I might buy a bag of 10kg black sand, and spread that over the micro gravel where there's no plants (exposed micro gravel)... thanks for the reply.


----------



## three-fingers (16 Nov 2013)

Bristlenose plecs and other sucker catfish don't mind (they feed off hard surfaces), however _Corydoras_ wouldn't be ideal.  As above you would need to keep a very close eye on their barbels! To enable them to feed naturally by digging in the substrate you would need some area of sand really.

 Personally I kept corys on smooth gravel in my early days in the hobby, but vowed never to do so again after seeing them behave so differently on sand substrates, especially during feeding time!


----------



## Geraint (16 Nov 2013)

thats dissapointing. . I was clinging to the hope that because I had micro gravel, it would be fine enough for the _Corydora._ I’ve been to beaches with sand grains the same size as this gravel. I’d think its small enough to dig into, but my main concern was the texture. It’s not as smooth as I’d like and I’m not sure how it’d effect them.

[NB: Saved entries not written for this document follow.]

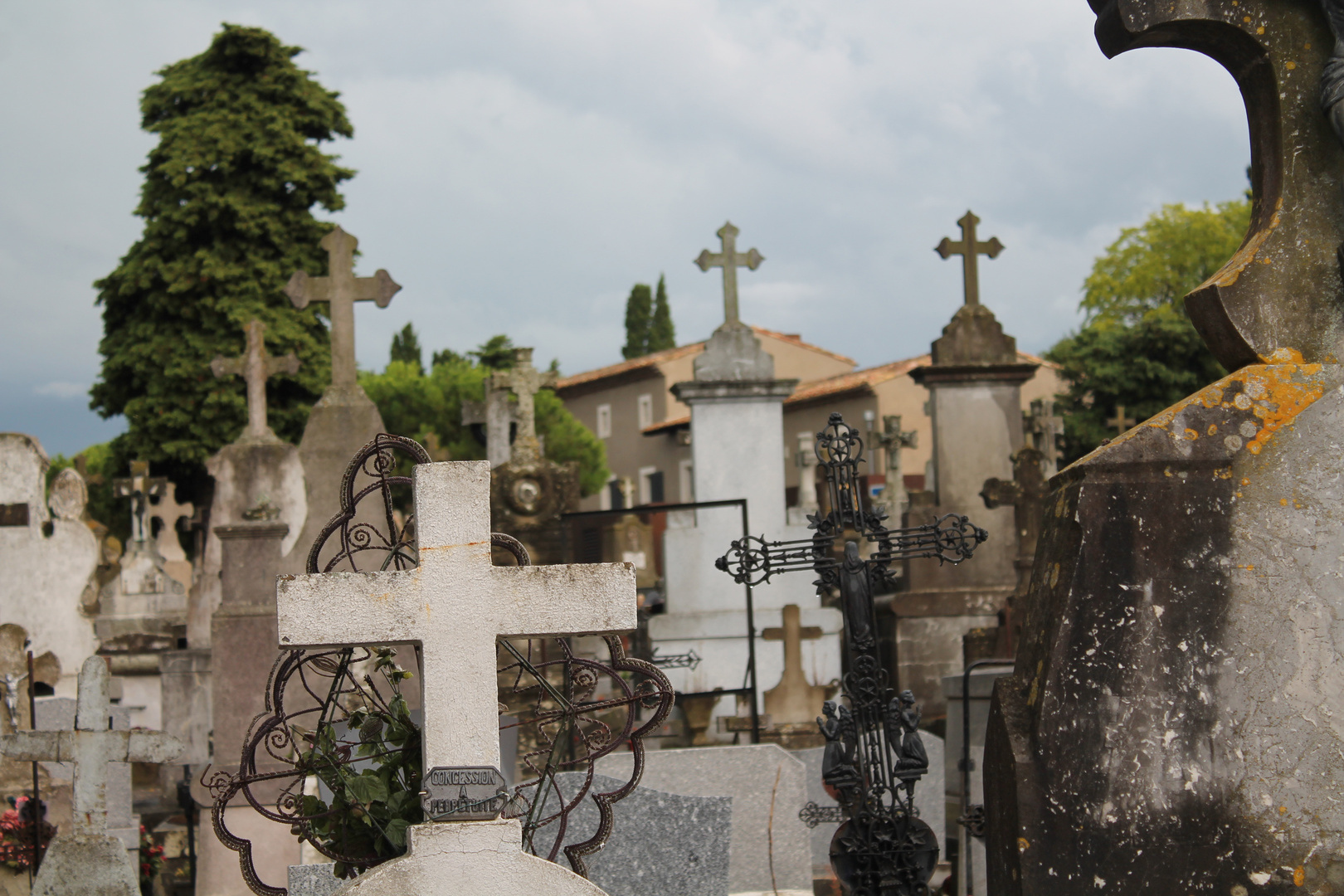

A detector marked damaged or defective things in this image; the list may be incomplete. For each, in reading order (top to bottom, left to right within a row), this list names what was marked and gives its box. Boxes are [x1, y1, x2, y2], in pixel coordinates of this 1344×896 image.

rusted iron decoration [208, 431, 677, 889]
rusted iron decoration [713, 415, 982, 896]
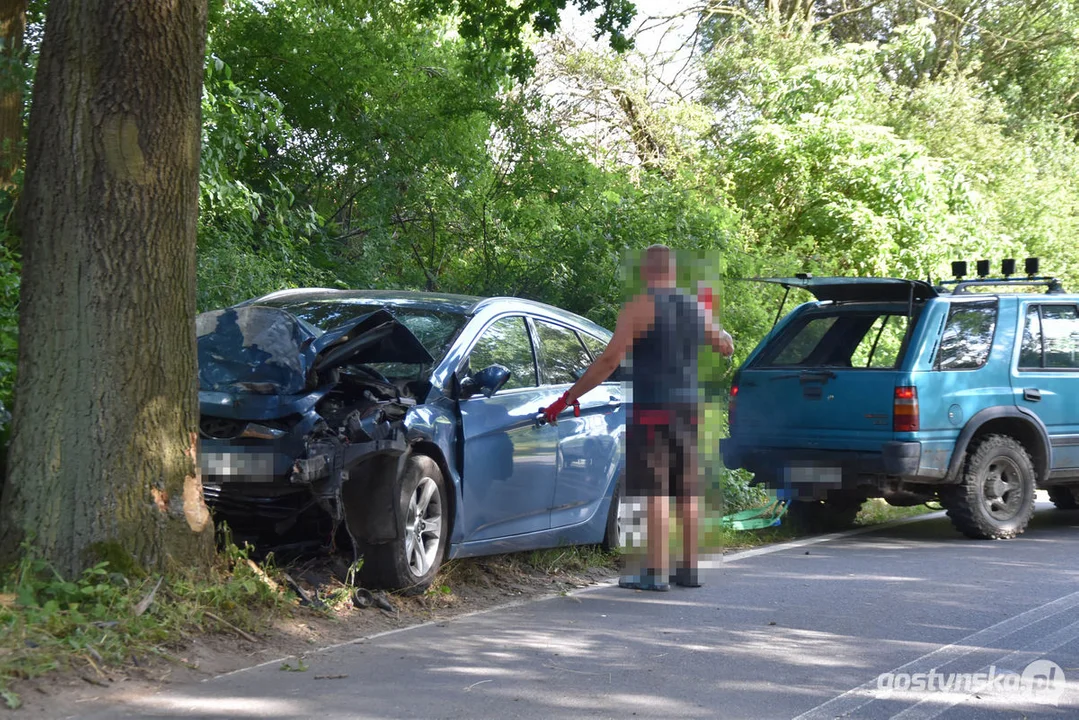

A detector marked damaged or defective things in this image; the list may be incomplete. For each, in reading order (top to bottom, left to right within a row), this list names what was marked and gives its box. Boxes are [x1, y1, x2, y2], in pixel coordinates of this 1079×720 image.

crumpled hood [196, 302, 431, 395]
damaged front end of car [196, 304, 431, 552]
crashed blue car [196, 289, 625, 595]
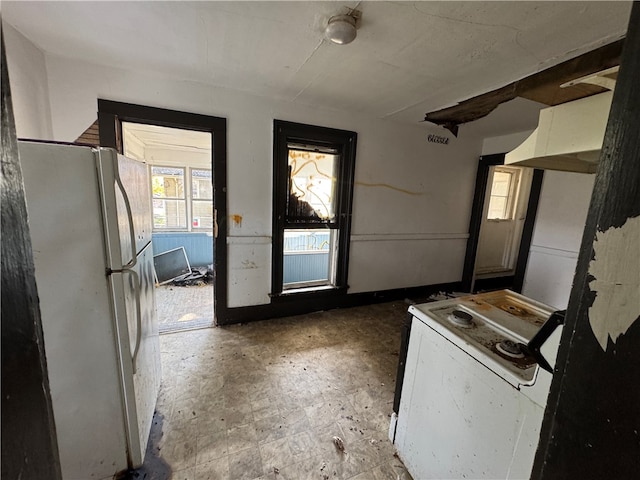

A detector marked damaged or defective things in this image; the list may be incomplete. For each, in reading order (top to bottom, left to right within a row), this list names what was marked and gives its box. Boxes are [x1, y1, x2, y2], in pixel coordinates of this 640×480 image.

damaged ceiling [1, 1, 636, 137]
peeling paint [592, 216, 640, 350]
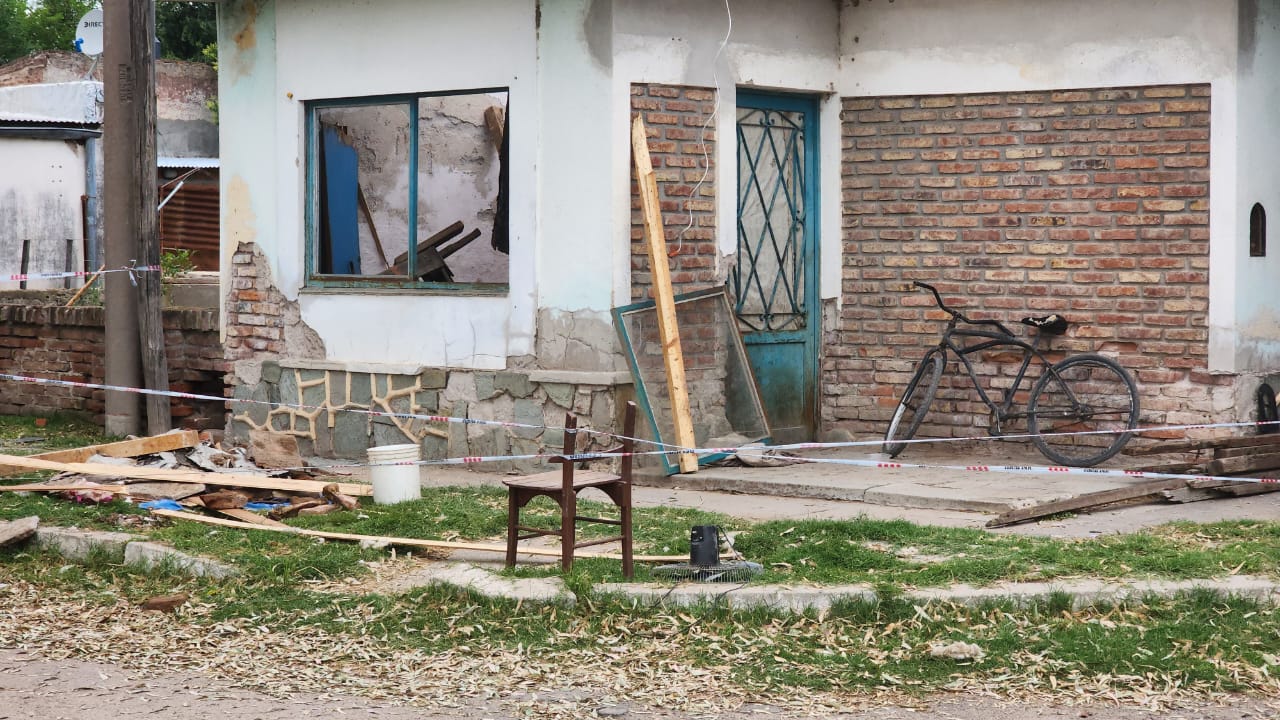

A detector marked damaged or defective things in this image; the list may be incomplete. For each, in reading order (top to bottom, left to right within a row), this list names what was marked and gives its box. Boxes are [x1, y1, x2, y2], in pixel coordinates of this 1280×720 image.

broken window [307, 90, 506, 288]
damaged house [220, 0, 1280, 461]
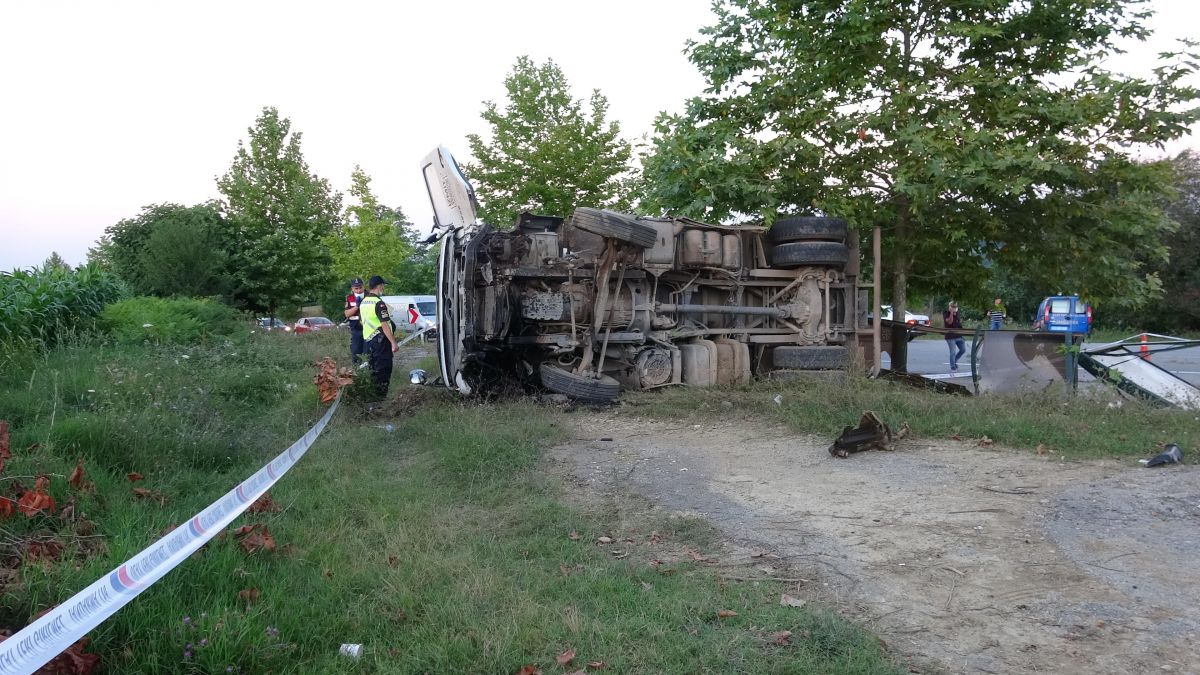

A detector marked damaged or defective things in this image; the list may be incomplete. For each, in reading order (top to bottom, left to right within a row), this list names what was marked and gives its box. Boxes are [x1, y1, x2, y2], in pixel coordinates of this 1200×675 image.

detached tire [568, 207, 656, 250]
detached tire [768, 218, 844, 244]
detached tire [772, 240, 848, 266]
exposed truck undercarriage [420, 148, 852, 402]
crashed vehicle [418, 148, 856, 402]
damaged truck cab [418, 148, 856, 402]
overturned truck [422, 148, 864, 402]
detached tire [772, 348, 848, 370]
detached tire [540, 364, 624, 402]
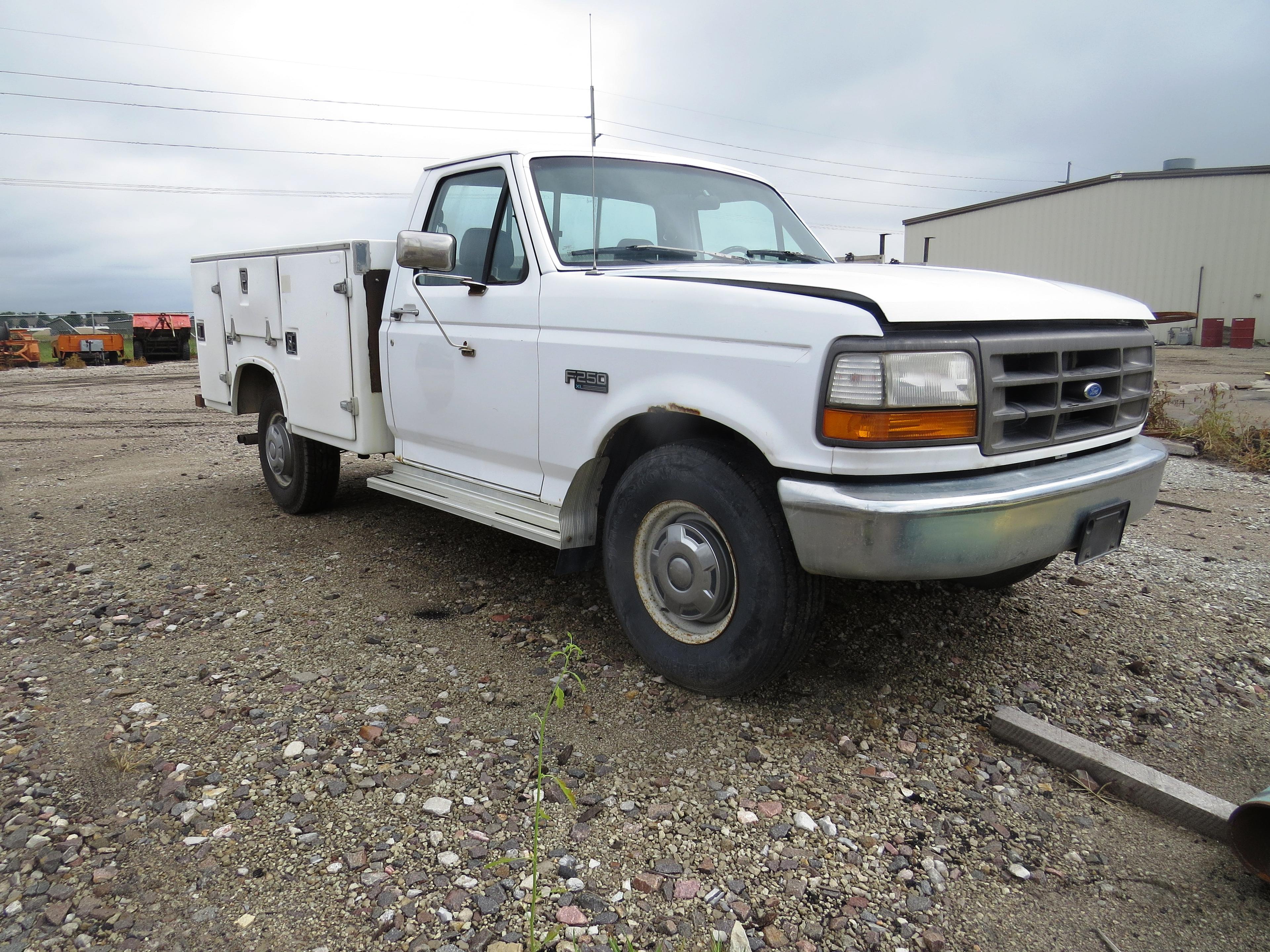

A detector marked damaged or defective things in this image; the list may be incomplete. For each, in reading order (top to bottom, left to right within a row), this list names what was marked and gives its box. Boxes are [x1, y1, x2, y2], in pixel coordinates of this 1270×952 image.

rust spot on fender [650, 404, 701, 416]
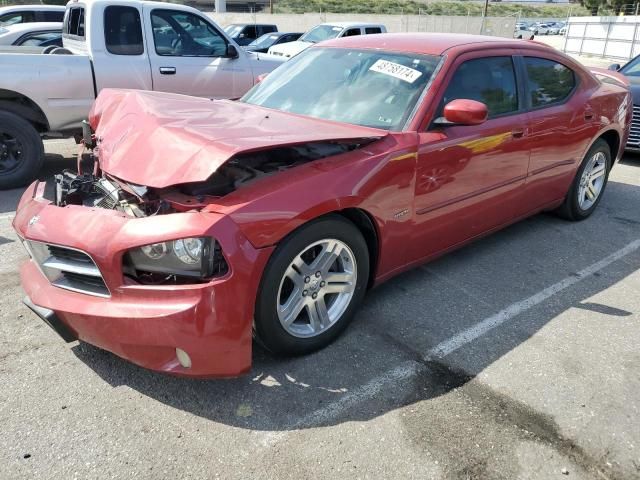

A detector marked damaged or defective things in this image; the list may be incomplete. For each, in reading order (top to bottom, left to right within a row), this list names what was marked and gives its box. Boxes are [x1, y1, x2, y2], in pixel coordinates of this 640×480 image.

crumpled hood [89, 89, 384, 188]
damaged red car [12, 34, 632, 378]
crushed front end [12, 174, 272, 376]
broken headlight [124, 235, 229, 282]
exposed headlight assembly [124, 236, 229, 282]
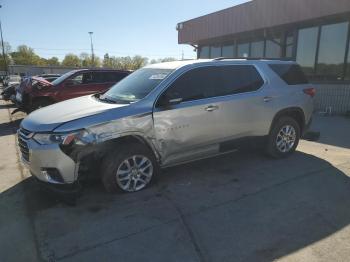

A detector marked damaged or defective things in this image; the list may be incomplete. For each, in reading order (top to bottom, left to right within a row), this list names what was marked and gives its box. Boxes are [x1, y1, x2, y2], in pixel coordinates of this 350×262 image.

crumpled hood [20, 95, 127, 132]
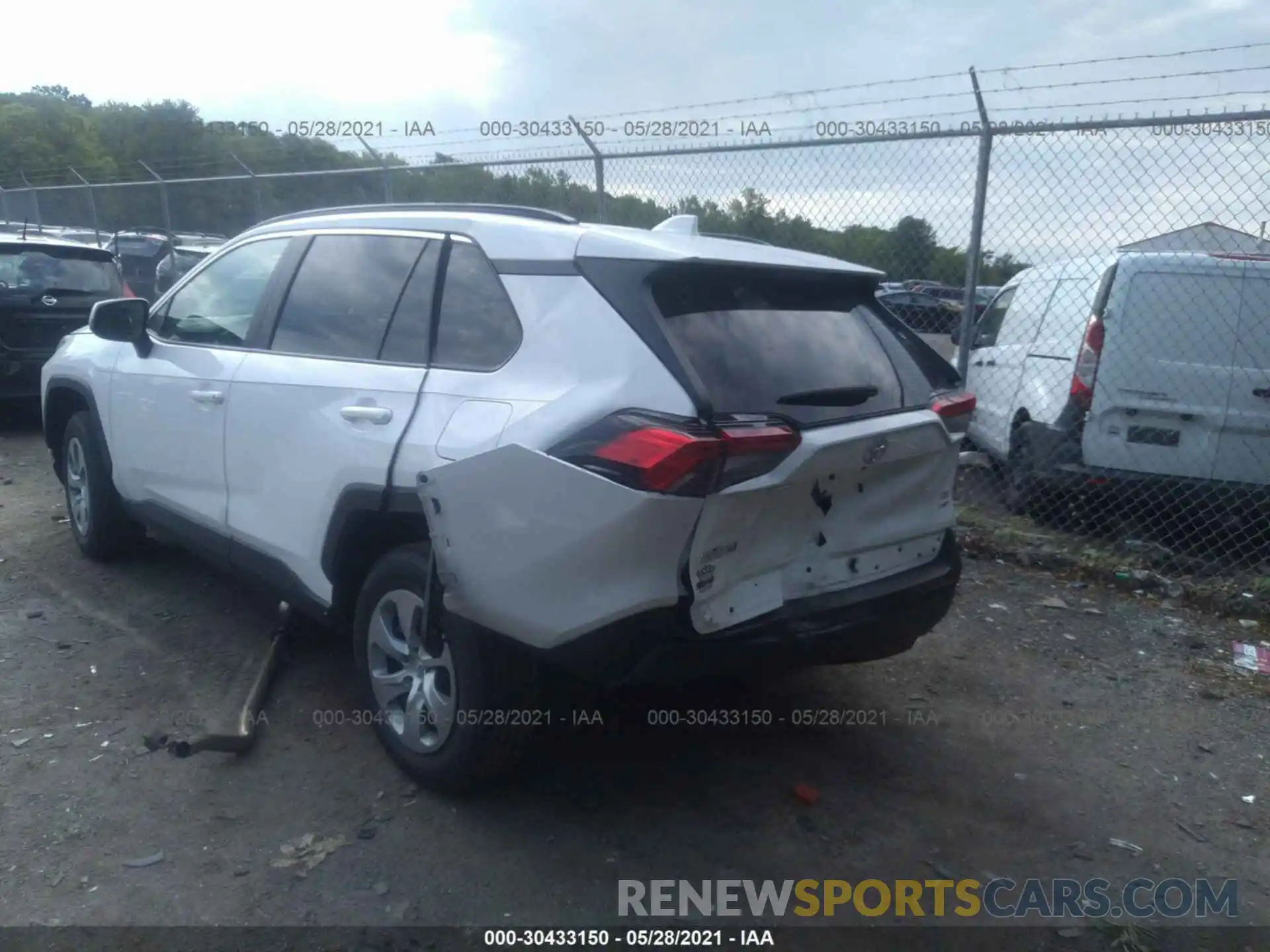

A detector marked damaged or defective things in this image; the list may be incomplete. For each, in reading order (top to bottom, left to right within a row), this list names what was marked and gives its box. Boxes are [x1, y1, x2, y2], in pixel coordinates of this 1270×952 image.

damaged rear quarter panel [418, 442, 698, 651]
cracked tail light [548, 410, 804, 497]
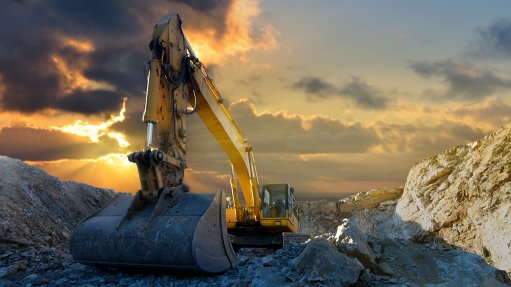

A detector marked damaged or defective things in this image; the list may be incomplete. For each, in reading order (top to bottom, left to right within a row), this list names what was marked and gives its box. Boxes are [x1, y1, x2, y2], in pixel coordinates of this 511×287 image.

rusty metal surface [69, 191, 237, 274]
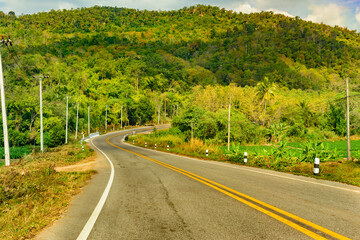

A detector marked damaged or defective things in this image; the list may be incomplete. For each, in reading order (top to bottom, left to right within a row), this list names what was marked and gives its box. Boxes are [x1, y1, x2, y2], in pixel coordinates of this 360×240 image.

cracked road surface [35, 126, 360, 239]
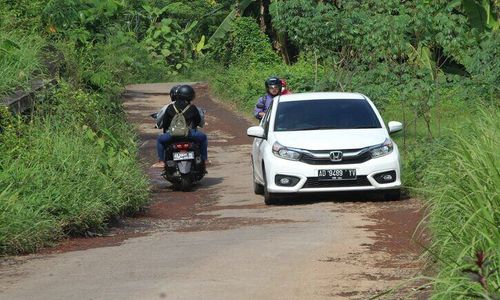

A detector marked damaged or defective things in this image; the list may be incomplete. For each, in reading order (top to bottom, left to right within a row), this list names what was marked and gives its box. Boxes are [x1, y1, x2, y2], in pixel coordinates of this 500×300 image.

damaged dirt road [0, 83, 426, 298]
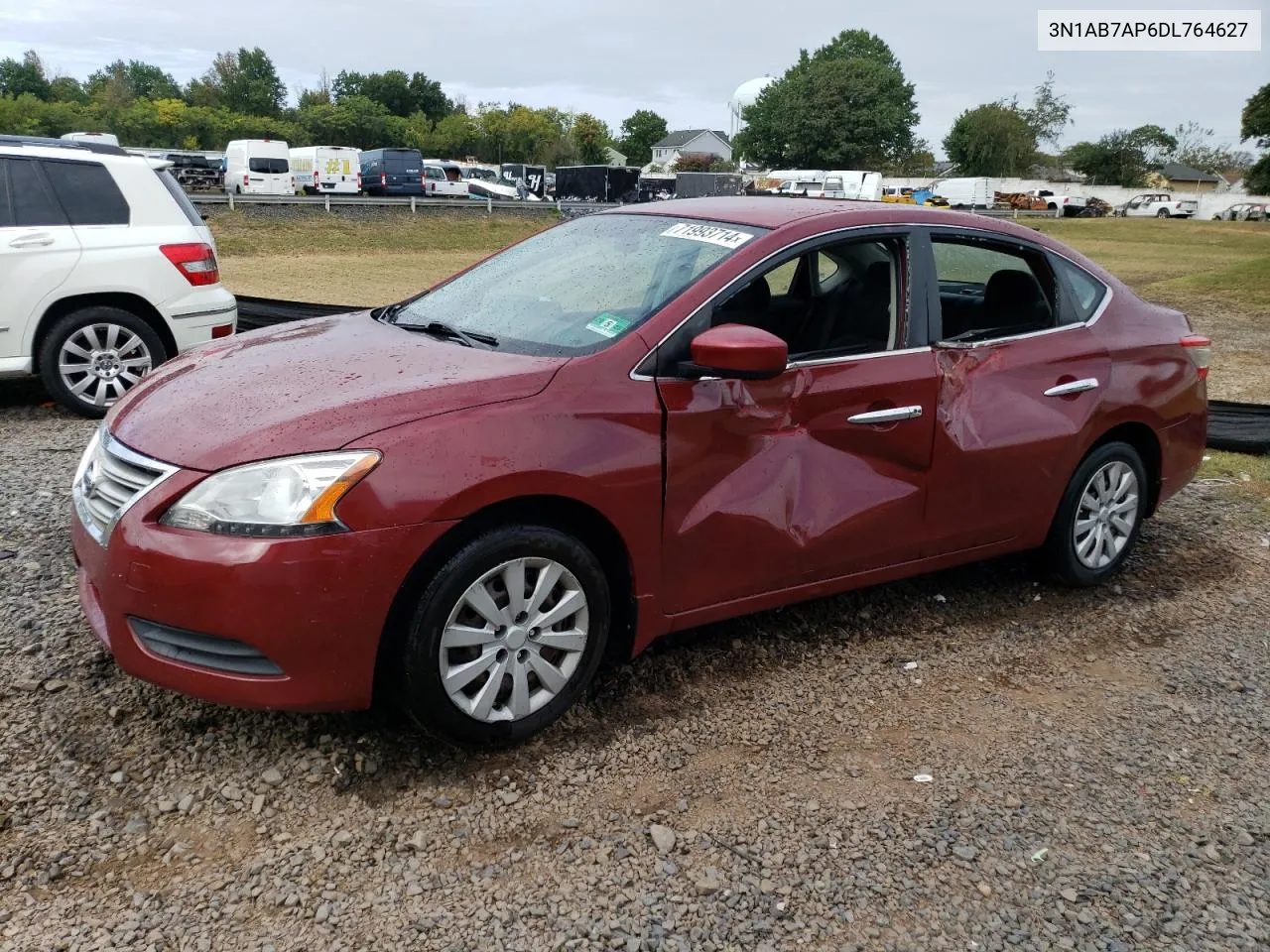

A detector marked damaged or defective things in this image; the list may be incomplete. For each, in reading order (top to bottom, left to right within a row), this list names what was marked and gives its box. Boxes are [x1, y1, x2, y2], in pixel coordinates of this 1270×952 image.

I have read on another post that some1 had kept corydora on unipac’s micro gravel without any issue. I haven’t given up all hope. As I mentioned in the above post. I might dig out all the gravel that’s not been planted on and replace with black sand, or cover the existing gravel with about 1cm of sand. It'd only cost another £10..


----------



## sa80mark (16 Nov 2013)

Imo I wouldnt worry about it, all 3 of the dwarf cory species are much more mid water fish than other corys, yes they do feed off the bottom but ireally wouldn't worry to much,  topping the gravel with the sand will work in the short term but it will soon start migrating under the gravel


----------



## Geraint (16 Nov 2013)

Hi sa80mark. 

i thought over time, the larger gravel pieces migrate to the bottom (because they're a little heavier) while the finer pieces rise to the top? i'm probably wrong. just something i read.


----------



## sa80mark (16 Nov 2013)

Generally the smaller pieces end up at the bottom


----------



## tim (16 Nov 2013)

IMHO water quality and a clean substrate in a planted tank plus good numbers will keep your Corries happy, I've kept them on various substrates with no issue. Obviously try and make sure the substrate is rounded not sharp. As mark stated Pygmy Corries spend a lot of time mid water though they do rummage for food. Softer water is beneficial for them to breed and thrive.


----------



## darren636 (16 Nov 2013)

The unipac sounds small enough. Give it a go


----------



## tim (16 Nov 2013)

You could consider unipac Limpopo sand as oppose the micro gravel little smaller and smoother but still black ( slightly greyish)


----------



## Geraint (16 Nov 2013)

tim -
the limpopo sand is what i've been looking at. I'll take as much of the micro gravel out as possible without disturbing the nutrient sand below, and replace with the black limpopo sand. i'll only be able to do this in the open areas (front) of the tank though as i have a few plnats growing about the place, and i dont want to dig them up. if over time, the micro gravel thats left starts appearing on the surface, i'll use a small tea sive to keep the top 1-2 cm fine.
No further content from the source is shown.